> **Your task**: Set down the data again word for word. Skip any pictures.

> **Short text fragments from websites**:
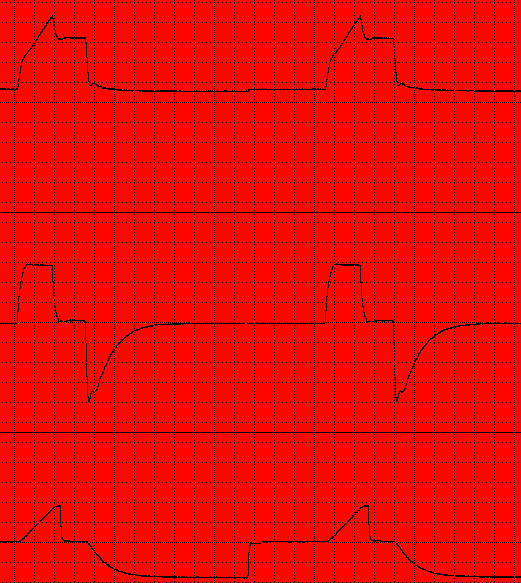 Καμπύλη Ροής Χρόνου 30cmH2O 0 0 COPD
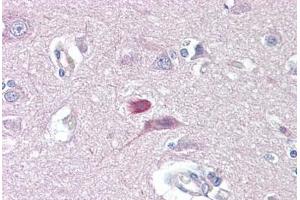 Anti-GRM4 / MGLUR4 antibody IHC staining of human brain, cortex. (Metabotropic Glutamate Receptor 4 抗体  (AA 851-900))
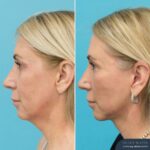 5 Months Post Face and Neck Lift + Upper and Lower Blepharoplasty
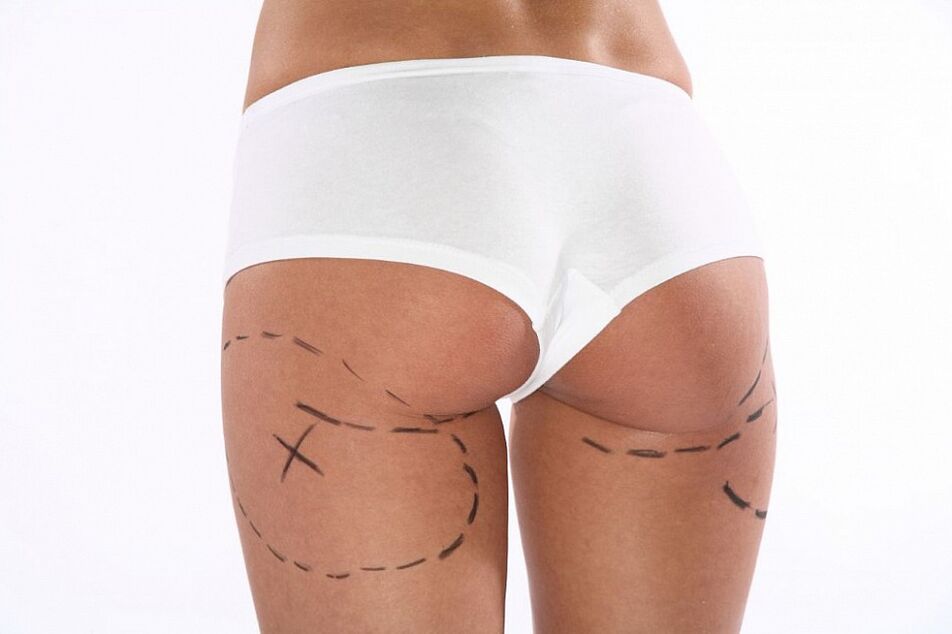 Weight Loss Cosmetic Surgery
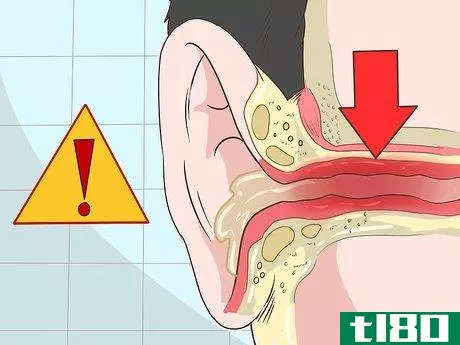 Image titled Get Rid of Ear Wax Step 1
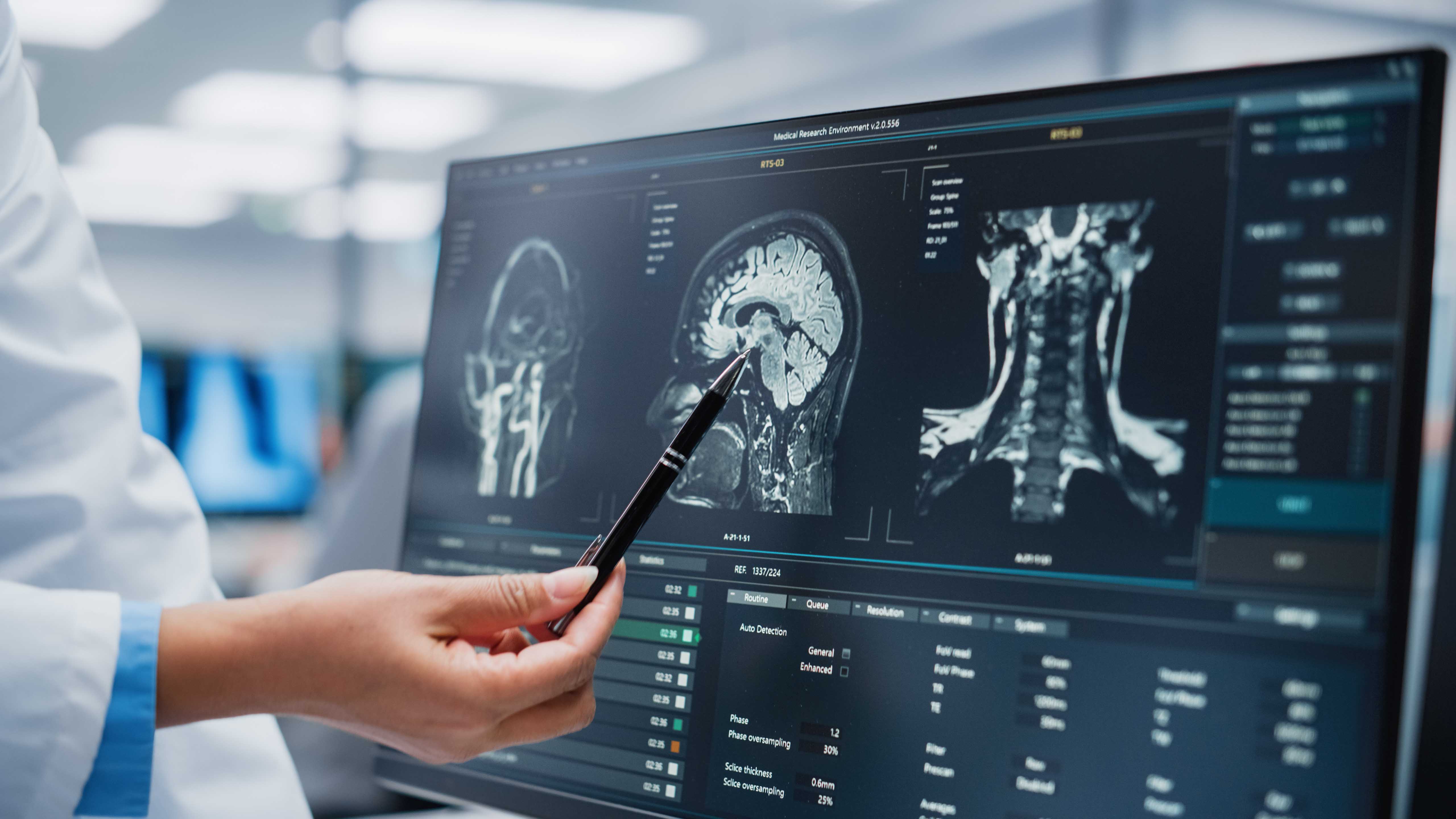 Neurosciences  Neuroscience j1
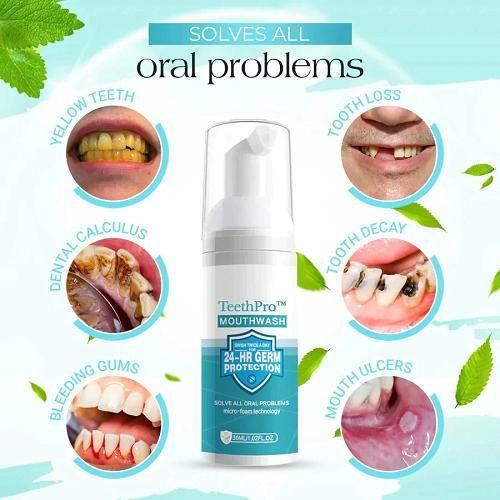 Teeth Whitening Foam 60ML (BUY 1 GET 1 FREE)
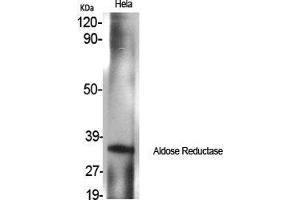 Western Blot (WB) analysis of specific cells using Aldose Reductase Polyclonal Antibody. (AKR1B1 anticorps  (C-Term))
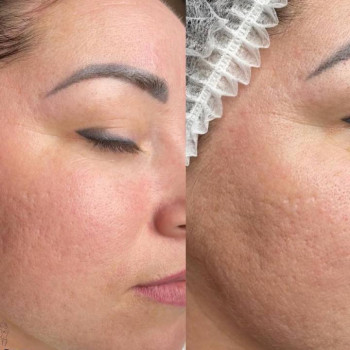 Омолодження обличчя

> **Reply to the task**:
 Καμπύλη Ροής Χρόνου 30cmH2O 0 0 COPD
 Anti-GRM4 / MGLUR4 antibody IHC staining of human brain, cortex. (Metabotropic Glutamate Receptor 4 抗体  (AA 851-900))
 5 Months Post Face and Neck Lift + Upper and Lower Blepharoplasty
 Weight Loss Cosmetic Surgery
 Image titled Get Rid of Ear Wax Step 1
 Neurosciences  Neuroscience j1
 Teeth Whitening Foam 60ML (BUY 1 GET 1 FREE)
 Western Blot (WB) analysis of specific cells using Aldose Reductase Polyclonal Antibody. (AKR1B1 anticorps  (C-Term))
 Омолодження обличчя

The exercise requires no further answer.